Sei que nestas alturas se abrem as portas a muitos abusos. A partir do momento em que entra num clube e quer impor as suas ideias, um treinador é quase visto como um inimigo, fazendo dos dirigentes os guardiões da pureza do emblema, os travões que lá estão para o impedir de abrir a porta a um séquito de empresários amigos, interessados em encher os bolsos à conta das reformas necessárias. E é isso que o Benfica tem de ter muito claro antes de avançar para a contratação de Schmidt. O futebol que o treinador alemão professa pede muita gente na frente, pressão alta e intensa, abuso do passe vertical, um par de médios de grande rigor posicional, linha defensiva a jogar alto e a controlar a profundidade, capacidade de sair a jogar por trás, com intervenção do guarda-redes. É garantia de sucesso? Não. É um passo, mas só por si não garante nada, como está a ver-se com Ralf Rangnick no Manchester United, de resto. Em qualquer clube, a aplicação destas ideias pode levar a que tenha de se fazer uma razia no plantel. No caso do Benfica, mesmo tendo em conta o elevado potencial de alguns jovens da equipa B, implicará provavelmente que seja necessário contratar muito, também. Antes de avançarem, os dirigentes do Benfica têm de respirar fundo e perguntar a si mesmos: “Estamos preparados para isto ou, na verdade, vamos contratar um treinador mas achamos que sabemos mais do que ele?”

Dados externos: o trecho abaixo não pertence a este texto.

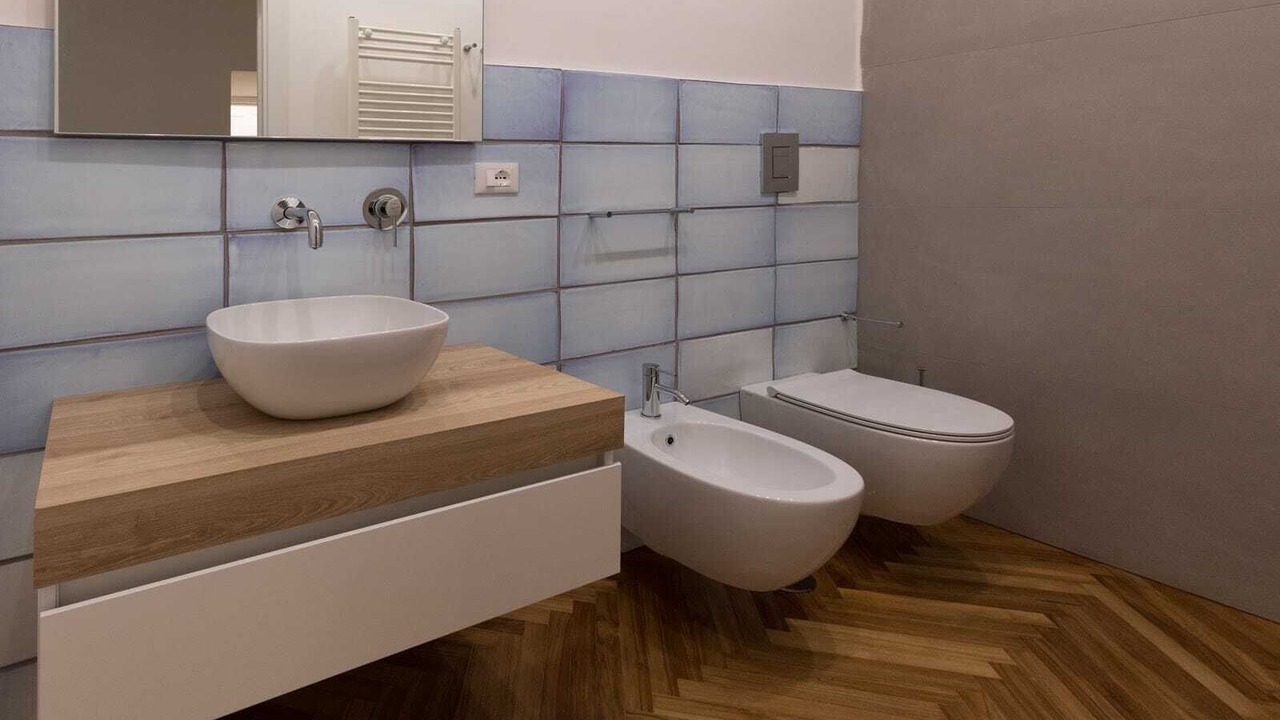 Photo of Bathroom in Historical Downtown Salerno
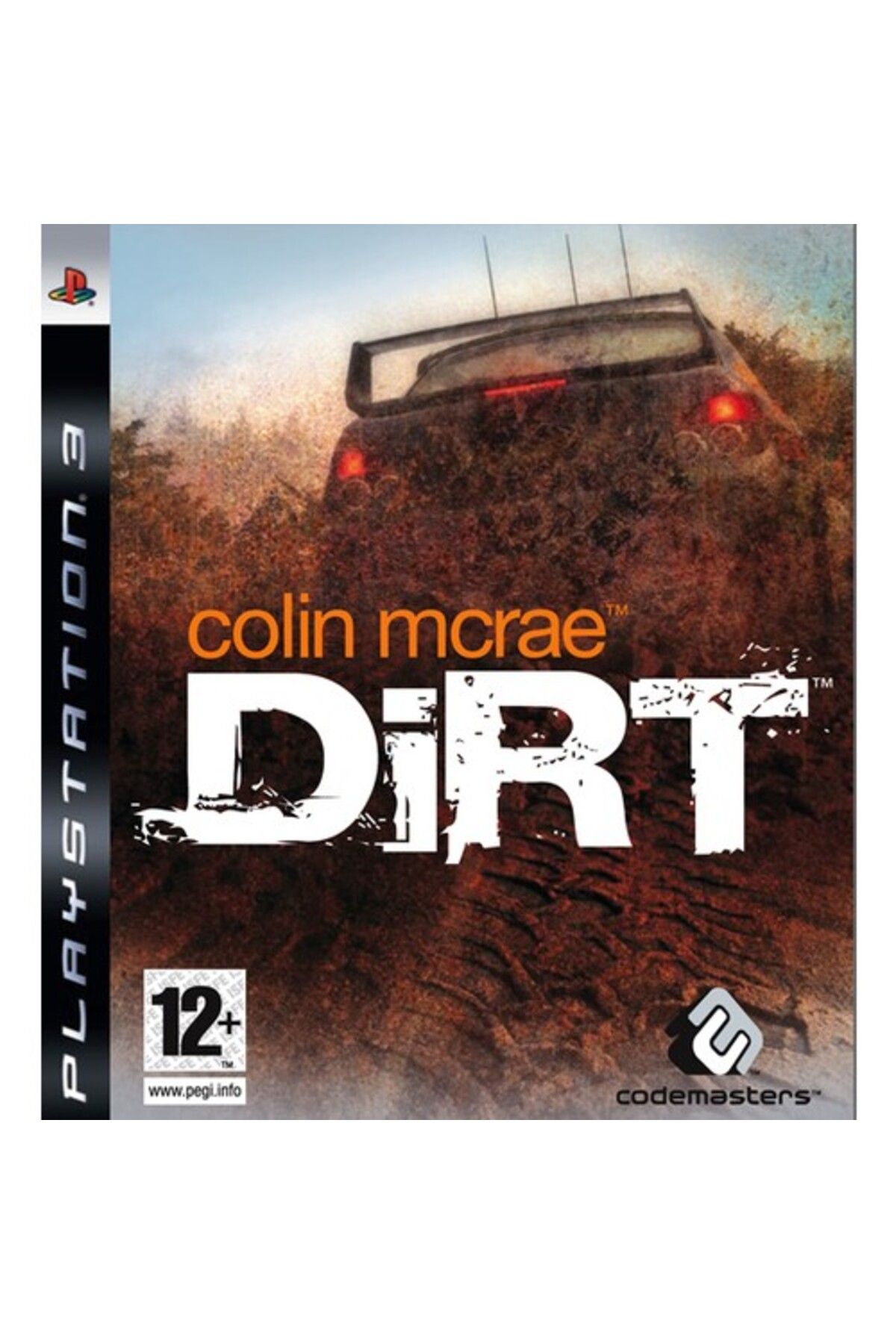 Bandai Namco Colin Mcrae Dirt Ps3 Oyun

Acho que Rui Costa e os responsáveis pelo futebol do Benfica têm e estão a ter tempo para refletir bem sobre o que querem para a próxima época e até acho bem o facto de não se ter contratado logo um treinador, isto pede reflexão e o próximo treinador pode ser uma viragem na forma de jogar do Benfica. O próximo treinador do Benfica se for escolhido pela ideia de jogo que ele pode trazer, o Rui Costa vai ter de o apoiar ao máximo naquilo que ele precisar, mesmo que isso implique sair 10 jogadores e jogadores importantes do balneário, porque se não for esse o caso então não vale de nada trazê-lo. Vai ser JJ bis. Os adeptos do Benfica pediram limpeza, então se for esse o caminho vamos lá, mas depois que não se venham queixar que não bateu certo porque saíram jogadores a mais. Eu como adepto quero é que o Benfica ganhe, seja com X ou Y e se isso passar por uma limpeza radical então bora. Cumprimentos
Em primeiro lugar os dirigentes têm que perceber as limitações que o plantel tem, que aliás não é tão bom como o pintam e é muito desequilibrado. Depois há que estar preparado para dar tempo para trabalhar e não exigir resultados imediatos e muito menos resultados irrealistas, e aqui surge outro problema que é o de gerir as expetativas da massa associativa e da maioria silenciosa.